And that’s exactly what it is. Think Around the World in 80 Days, or 39 Steps, and you will know exactly what you’re letting yourself in for.

Introduce the Kickstart team with Stephen Stead directing and Greg King designing and it’s a full house. Chatting to the unflappable Hopkins and sitting in on some early rehearsals, it’s an easy one to declare a winner and perfect for this time of year.

We’re already winding down and awfully tired of this year’s shenanigans, so please allow us to take a step into another world and let PG Wodehouse add some bright colours to our lives. And he will, in large brushstrokes with three of the best blokes to say and play his words.

Because there’s lots of play, just look at the title! It’s all perfect nonsense say the lads with huge winks.

“I’m still struggling with the Jeeves turn of phrase,” says Hopkins, who is playing the prissy butler to Roxmouth’s well-intentioned Wooster.

But he could have added that both he and Fridjhon are swapping characters more quickly than you can change into dandy socks and shoes. As people step in and out of this preposterous tale, so do these two boys swap costumes and crazy chatter.

It’s not only the language and the lines which have to be delivered in a frenzy with a certain rhythm and usually as swift as the flick of a finger. It’s also the moves.

One minute Hopkins is the overpowering dame and the next, he’s barking in Wooster’s ear about someone who has lost control.
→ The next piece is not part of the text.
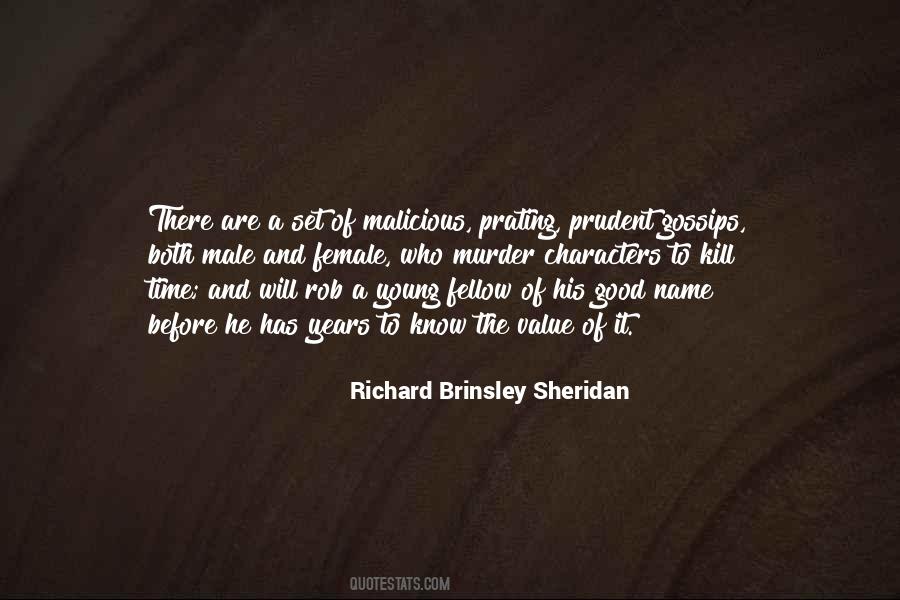 Brinsley Sheridan Quotes #381009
It’s all about a show that is presented as Bertie Wooster’s own amateurish re-enactment of a recent adventure. Think Hamlet and the play within a play and you will have an idea. It’s a gloriously fun romp, but the boys are still battling and are not sure they’re going to pull it off.
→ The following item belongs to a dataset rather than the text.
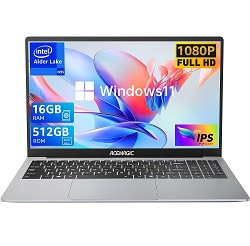 15,6 Zoll ACEMAGIC AX15 Full-HD IPS Laptop mit Metallgehäuse (Intel Quad-Core N95, 16 GB DDR4, 512 GB SSD) für 277,15€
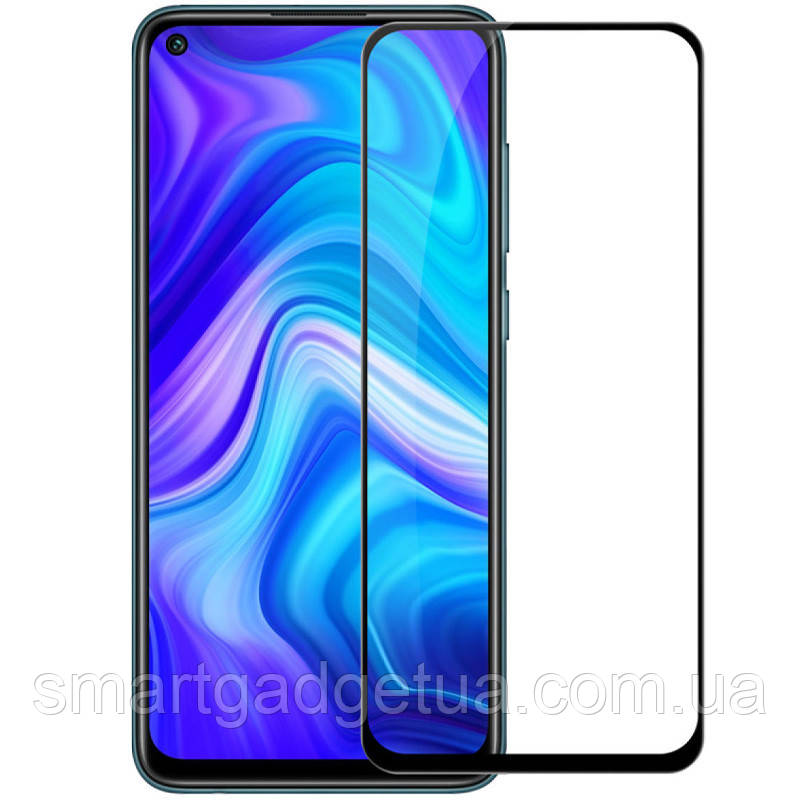 Захисне скло 9D. 9H Повне обклеювання телефону Смартфону Xiaomi Redmi Note 9 5G (Xiaomi Redmi Note 9T)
Both Stead and I know differently. We can see the flashes of brilliance and even when they’re not yet at full tilt, it’s a riotous carnival.

“I saw it in London a little while back,” says Hopkins, and giving a huge wink he says, “We’ll be better”.

He also assures that even if this is entertainment with all the spotlights blazing, it’s not without substance. The sheer majesty of their performances will also ensure that. I know I’m talking them up and almost hexing the show, but I’m that confident. It’s just one of those things. It’s been done before and if you get the talent right, it cannot fail. This is one of those times.

If you know the Wodehouse novels, this one takes a number of books and pulls many of the characters across plot and time. And the other ace up their sleeves is designer King, the master of skulduggery when it comes to making things work and expanding into realms that many would have thought impossible.

This is a play about content, performance but also about props.

There’s hardly a sneeze that comes without a visual prop, a word without a bubble floating by. But that’s also the thing about this cast. They’ve all got many strings to their bow and bring all their talents to the stage.

Roxmouth will add to the music (naturally), Hopkins will slyly add an extra vowel or the sly slipping of a pointed shoe through the cracks while Fridjhon just seems to be having a blast as he helps the stage manager with the sheer madness of shifting everything on time.

It’s one of those mad romps where from sheer laughing, you’re as exhausted as this madcap cast by the end of it all. But you will leave the theatre with a smile and in wonder at what this kind of exuberant talent can achieve.

Don’t miss it. It has a season at Theatre on the Bay from Friday to November 8, followed by a season on Pieter Toerien’s Studio Stage at Monte from November 14 to January 11.